DIRECTIONS: Repeat each entry exactly; omit all pictures.

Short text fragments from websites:
*** Block opens ***

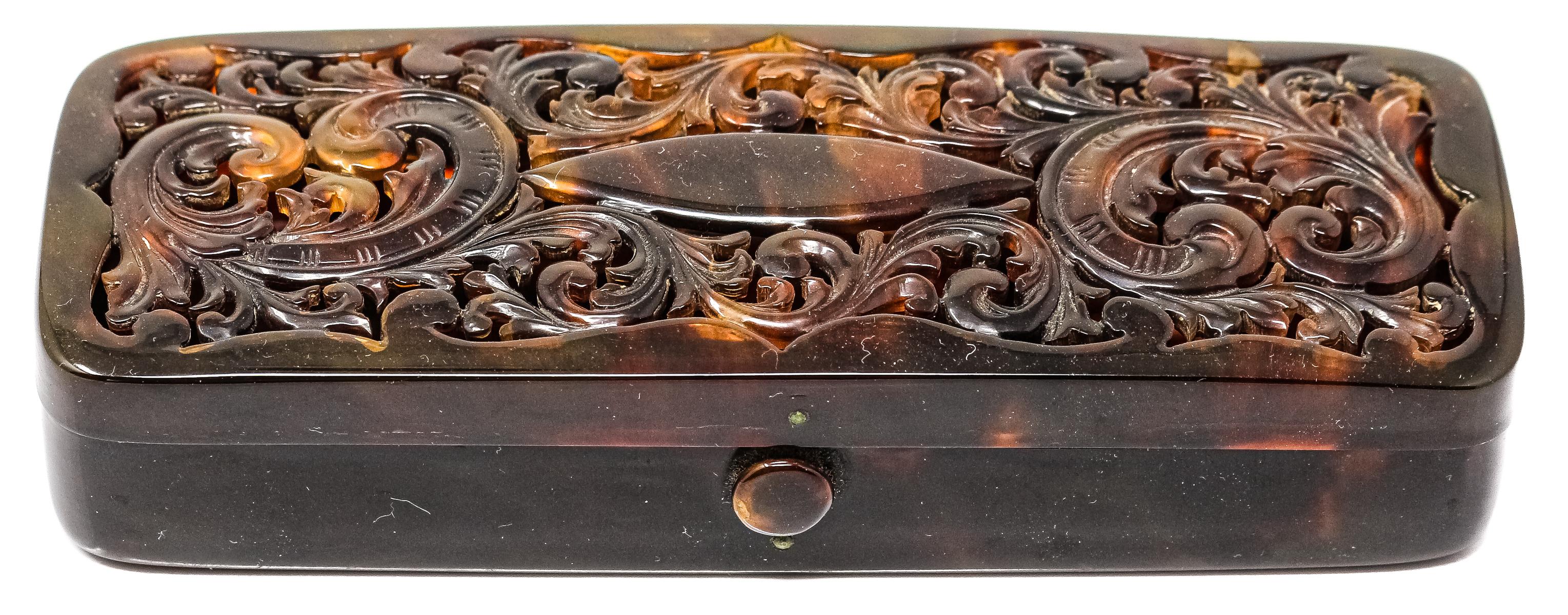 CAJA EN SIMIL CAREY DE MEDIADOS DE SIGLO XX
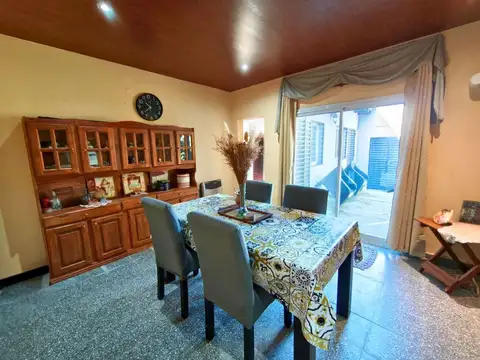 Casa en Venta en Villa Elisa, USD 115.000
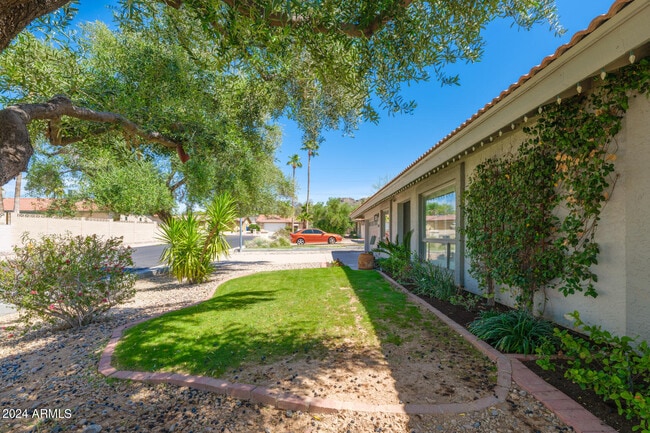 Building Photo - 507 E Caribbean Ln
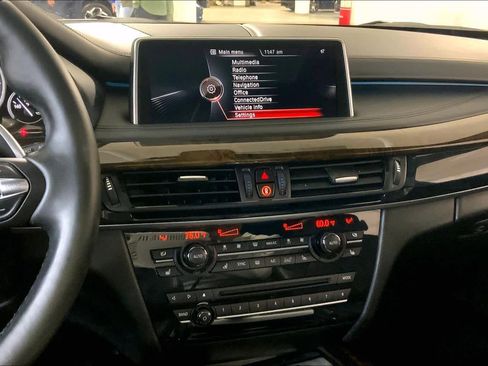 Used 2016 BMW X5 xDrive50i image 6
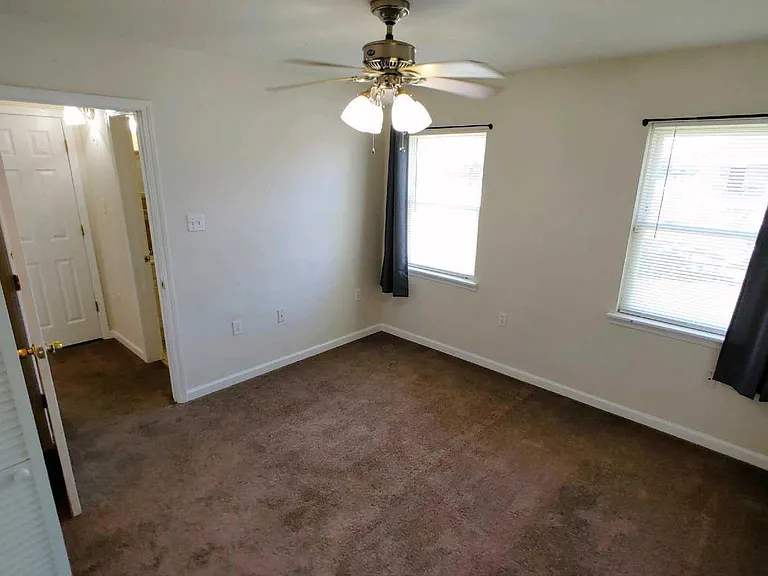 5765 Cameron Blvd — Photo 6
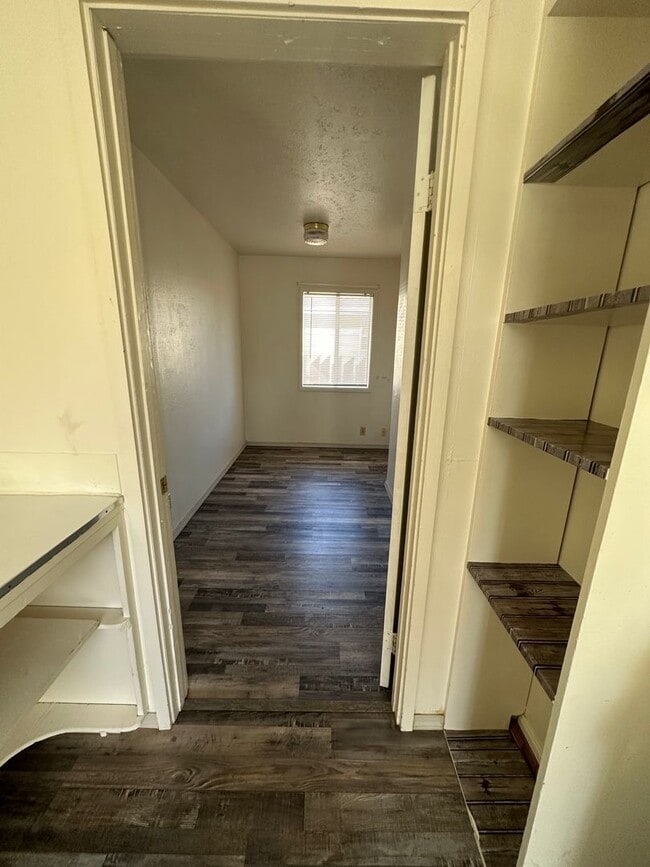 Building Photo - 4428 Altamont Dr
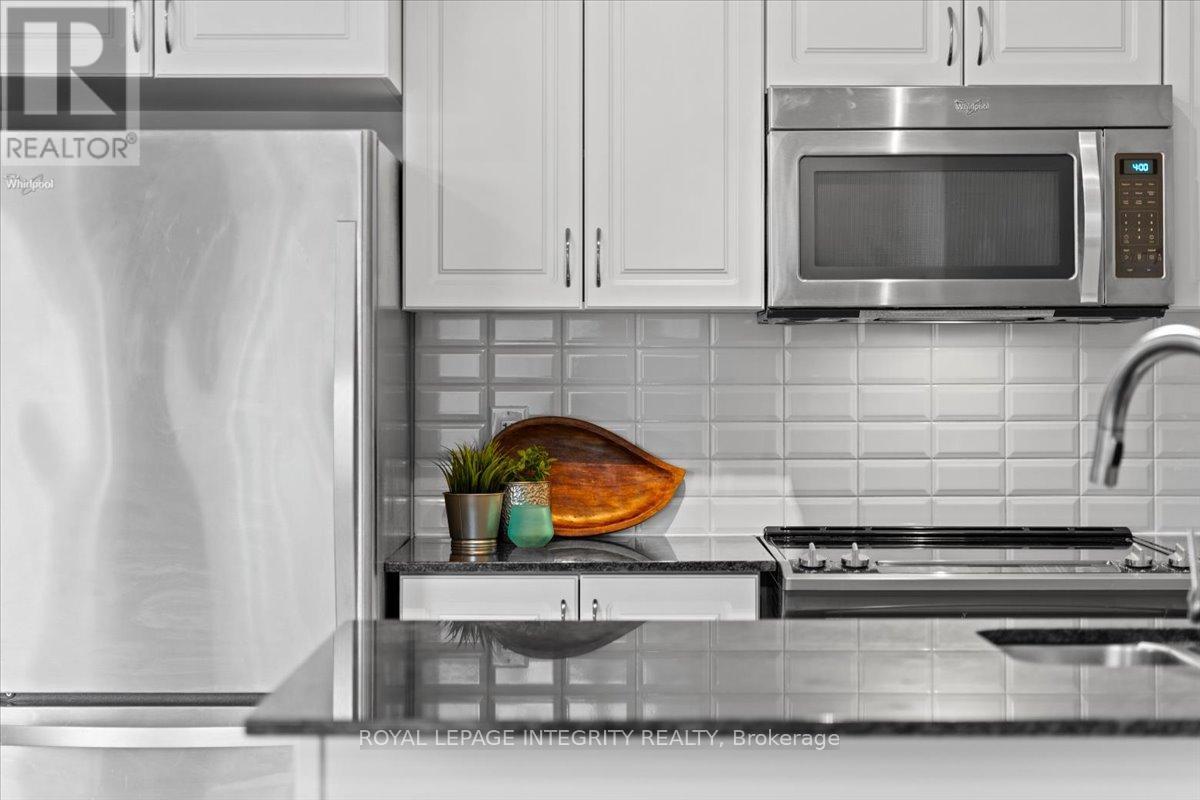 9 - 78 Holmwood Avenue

*** Block closes ***

TASK SOLUTION:
 CAJA EN SIMIL CAREY DE MEDIADOS DE SIGLO XX
 Casa en Venta en Villa Elisa, USD 115.000
 Building Photo - 507 E Caribbean Ln
 Used 2016 BMW X5 xDrive50i image 6
 5765 Cameron Blvd — Photo 6
 Building Photo - 4428 Altamont Dr
 9 - 78 Holmwood Avenue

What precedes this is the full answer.